Herbert W. Armstrong, 1892-1986.
Publisher, educator, broadcaster, humanitarian, “unofficial ambassador for world peace,” Herbert W. Armstrong was an acquaintance and friend of leaders from around the world.
Born in 1892, Mr. Armstrong experienced the advent of the industrial age, the transportation age, the nuclear age, the space age and the information age. He witnessed two world wars and revolutions in culture, economics, warfare and society.
Called into God’s service and away from a promising career in advertising, quite against his will, Mr. Armstrong endured years of poverty and the smallest of beginnings for what would become a gigantic worldwide work communicating God’s message of warning and inspiring hope.
He became a pioneer and then the world’s leader in televangelism and one of the most prominent religious leaders of the 20th century, watched, read and followed by millions worldwide.
Mr. Armstrong established Ambassador College in 1947 in Pasadena, and later founded two more campuses in Big Sandy, Texas, and Bricket Wood, England. Thousands of students were educated by this life-changing institution for higher learning.
In the latter part of his life, Mr. Armstrong met with heads of state and other high officials around the world. In his personal audiences with kings, princes, presidents, prime ministers, emperors, mayors, justices, members of the legislature and other leaders of government, society and business, he became known as an “ambassador without portfolio for world peace.”

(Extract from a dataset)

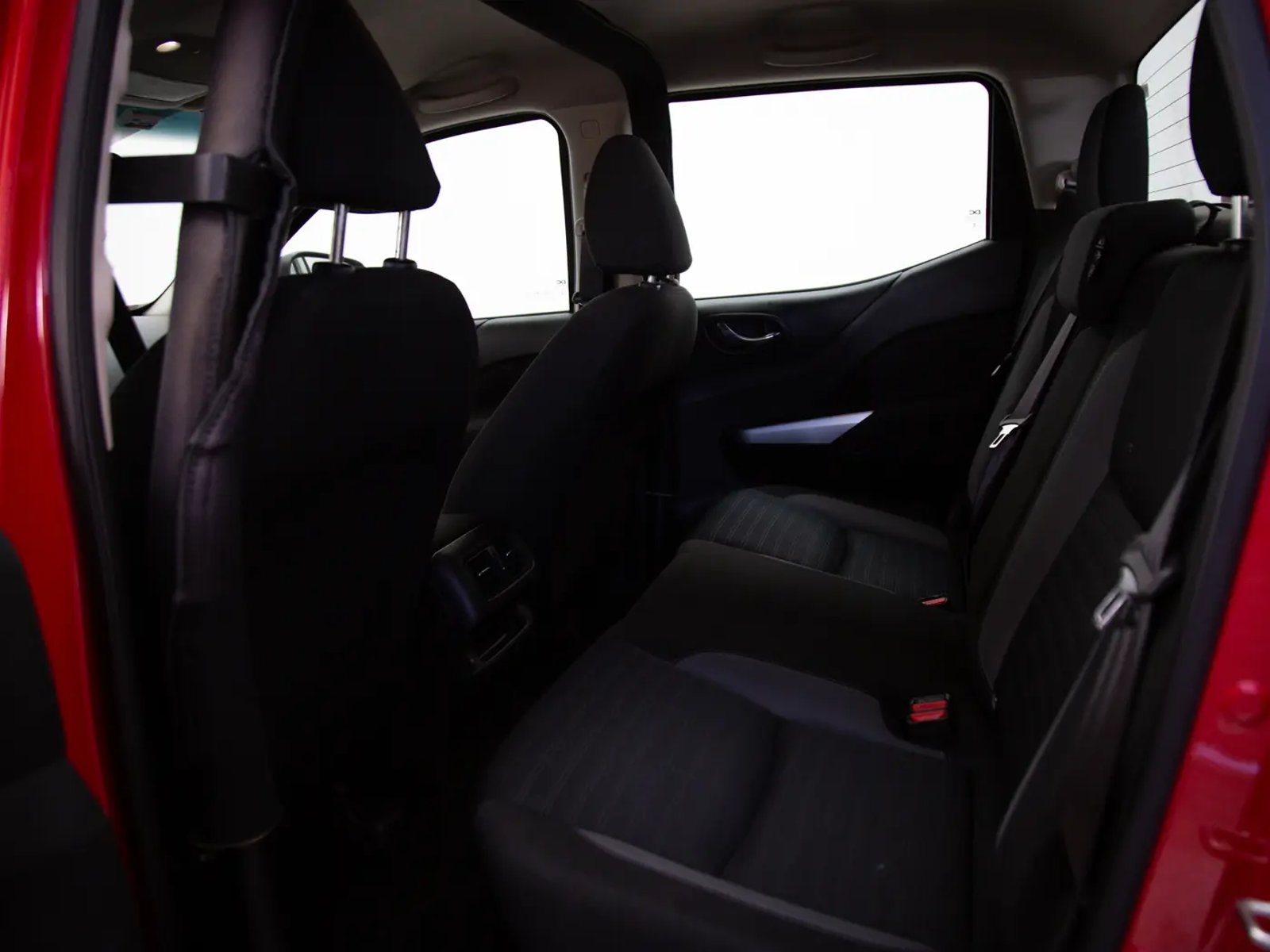 NISSAN NAVARA 2024 - Imagen 14 de 18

When he died in 1986, Mr. Armstrong left behind a church with 725 congregations in 57 countries with a weekly worldwide attendance of 120,000 and 1,200 ministers. Another 210,000 people contributed to the work regularly, and the church received more than $160 million annually—more income than was received by Jimmy Swaggart, Oral Roberts, Jim Bakker, Jerry Falwell, or Robert Schuller, all popular televangelists at the time.
Swaggart’s, Roberts’s and Falwell’s programs were aired in 197, 192 and 172 television markets, respectively, but The World Tomorrow with Herbert Armstrong could be viewed on 382 stations and 36 radio outlets around the world.
The church’s flagship magazine, the Plain Truth, was published in seven languages with a worldwide circulation of 8.4 million. The church’s Good News Christian-living magazine had a circulation of 828,000. Added together, these two magazines exceeded the circulations of Time and Newsweek combined.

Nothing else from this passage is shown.